Jetzt kreischten alle drei auf, und sie wimmerten vor Angst, und klein Schwesterlein versprach mir mit Zagen seinen Teil von dem auch heuer wieder zu erwartenden, morgigen Sonnwendkuchen, wenn ich aufhöre. Ich aber fuhr fort:

„Jetzt – na, jetzt hab’ ich zum Anfang zu sagen vergessen, daß die zwei ersten blutigen Knie unserem Jackerl und die vier letzteren seinem Zeitzerl gehört haben – wie sie heut’ im Wald herumgegangen sind, und daß die Knie nicht auswendig, sondern nur inwendig blutig sind gewesen.“

Brach das Gelächter los. „Jeder Mensch hat zwei blutige Knie!“ rief Schwesterlein, und die Ziegen meckerten, daß es ein Spott war.

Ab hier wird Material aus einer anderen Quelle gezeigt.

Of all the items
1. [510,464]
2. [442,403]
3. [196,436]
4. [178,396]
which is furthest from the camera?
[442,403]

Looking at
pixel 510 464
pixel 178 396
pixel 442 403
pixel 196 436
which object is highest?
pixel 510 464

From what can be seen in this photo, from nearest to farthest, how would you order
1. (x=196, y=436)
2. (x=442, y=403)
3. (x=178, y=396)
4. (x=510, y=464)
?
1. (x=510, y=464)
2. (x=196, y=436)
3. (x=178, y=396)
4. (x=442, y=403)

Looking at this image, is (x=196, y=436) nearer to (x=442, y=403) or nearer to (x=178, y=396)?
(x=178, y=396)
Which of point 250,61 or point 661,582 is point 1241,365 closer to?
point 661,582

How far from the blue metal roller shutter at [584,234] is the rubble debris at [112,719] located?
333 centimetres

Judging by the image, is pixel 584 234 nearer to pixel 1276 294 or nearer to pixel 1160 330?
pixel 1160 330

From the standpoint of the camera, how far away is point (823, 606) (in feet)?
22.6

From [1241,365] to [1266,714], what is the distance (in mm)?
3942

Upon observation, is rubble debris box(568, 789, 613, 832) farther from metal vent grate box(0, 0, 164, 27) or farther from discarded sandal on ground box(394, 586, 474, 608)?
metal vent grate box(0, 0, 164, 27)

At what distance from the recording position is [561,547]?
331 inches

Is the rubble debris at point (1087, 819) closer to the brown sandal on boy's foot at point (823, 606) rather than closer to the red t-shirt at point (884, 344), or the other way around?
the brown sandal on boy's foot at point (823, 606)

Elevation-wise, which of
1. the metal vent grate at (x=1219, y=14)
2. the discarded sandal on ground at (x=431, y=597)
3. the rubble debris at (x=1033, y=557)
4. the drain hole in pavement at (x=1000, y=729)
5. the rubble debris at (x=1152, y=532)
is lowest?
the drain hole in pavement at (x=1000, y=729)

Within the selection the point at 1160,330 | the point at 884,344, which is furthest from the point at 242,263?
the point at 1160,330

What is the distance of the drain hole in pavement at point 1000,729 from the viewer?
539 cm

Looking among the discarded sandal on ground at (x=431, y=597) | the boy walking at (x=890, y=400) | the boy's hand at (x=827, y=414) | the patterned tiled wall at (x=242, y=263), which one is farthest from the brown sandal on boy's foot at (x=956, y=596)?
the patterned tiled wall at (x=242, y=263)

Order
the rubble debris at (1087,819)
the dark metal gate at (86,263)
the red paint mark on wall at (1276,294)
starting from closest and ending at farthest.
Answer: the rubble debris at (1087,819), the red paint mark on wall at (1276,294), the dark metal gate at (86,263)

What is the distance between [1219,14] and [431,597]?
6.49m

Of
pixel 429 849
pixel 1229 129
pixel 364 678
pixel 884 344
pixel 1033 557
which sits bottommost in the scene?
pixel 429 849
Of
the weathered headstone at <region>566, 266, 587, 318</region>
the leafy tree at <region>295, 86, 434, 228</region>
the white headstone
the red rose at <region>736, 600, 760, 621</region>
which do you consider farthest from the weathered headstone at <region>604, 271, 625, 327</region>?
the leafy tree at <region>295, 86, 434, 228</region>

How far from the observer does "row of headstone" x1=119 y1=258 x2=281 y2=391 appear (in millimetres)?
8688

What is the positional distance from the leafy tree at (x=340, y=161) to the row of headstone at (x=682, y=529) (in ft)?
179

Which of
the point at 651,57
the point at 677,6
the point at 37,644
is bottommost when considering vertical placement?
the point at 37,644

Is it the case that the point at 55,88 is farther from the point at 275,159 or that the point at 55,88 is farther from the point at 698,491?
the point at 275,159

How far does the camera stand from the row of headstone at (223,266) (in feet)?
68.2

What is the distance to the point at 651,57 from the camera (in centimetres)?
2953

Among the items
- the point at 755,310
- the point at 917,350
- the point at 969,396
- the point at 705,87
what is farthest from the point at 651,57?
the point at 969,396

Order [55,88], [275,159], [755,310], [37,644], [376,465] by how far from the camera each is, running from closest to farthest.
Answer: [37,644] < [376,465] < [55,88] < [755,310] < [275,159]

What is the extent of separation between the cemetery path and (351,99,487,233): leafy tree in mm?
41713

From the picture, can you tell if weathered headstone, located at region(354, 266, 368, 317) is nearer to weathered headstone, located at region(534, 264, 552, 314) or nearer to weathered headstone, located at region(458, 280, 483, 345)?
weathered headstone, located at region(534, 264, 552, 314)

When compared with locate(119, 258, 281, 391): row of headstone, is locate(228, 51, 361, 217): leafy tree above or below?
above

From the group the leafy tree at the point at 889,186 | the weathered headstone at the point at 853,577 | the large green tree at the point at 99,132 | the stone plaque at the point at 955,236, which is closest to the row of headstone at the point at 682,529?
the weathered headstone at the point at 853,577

Ich hatte meine Rolle ausgespielt. Dreihundertvierundsechzig Nächte lang hatte ich geglänzt als weiser, wahrhaftiger Geschichtenmann; die dreihundertfünfundsechzigste hatte mich entlarvt als argen Schwätzer.

Das Versprechen in betreff des zweiten Sonnwendkuchens wurde rückgängig gemacht; Schwesterlein erklärte, die Zusage sei nichts als Notwehr gewesen.

Und die Gläubigkeit meiner Zuhörerschaft hatte ich mir verdorben ganz und gar, und wenn sie in Zukunft an irgendeinem Erzählten ihre Zweifel ausdrücken wollte, so hieß es einstimmig: „Aha, das ist wieder ein blutiges Knie!“

Ob nicht auch die Leser meiner gedruckten Geschichten schon manchmal mit eingestimmt haben?!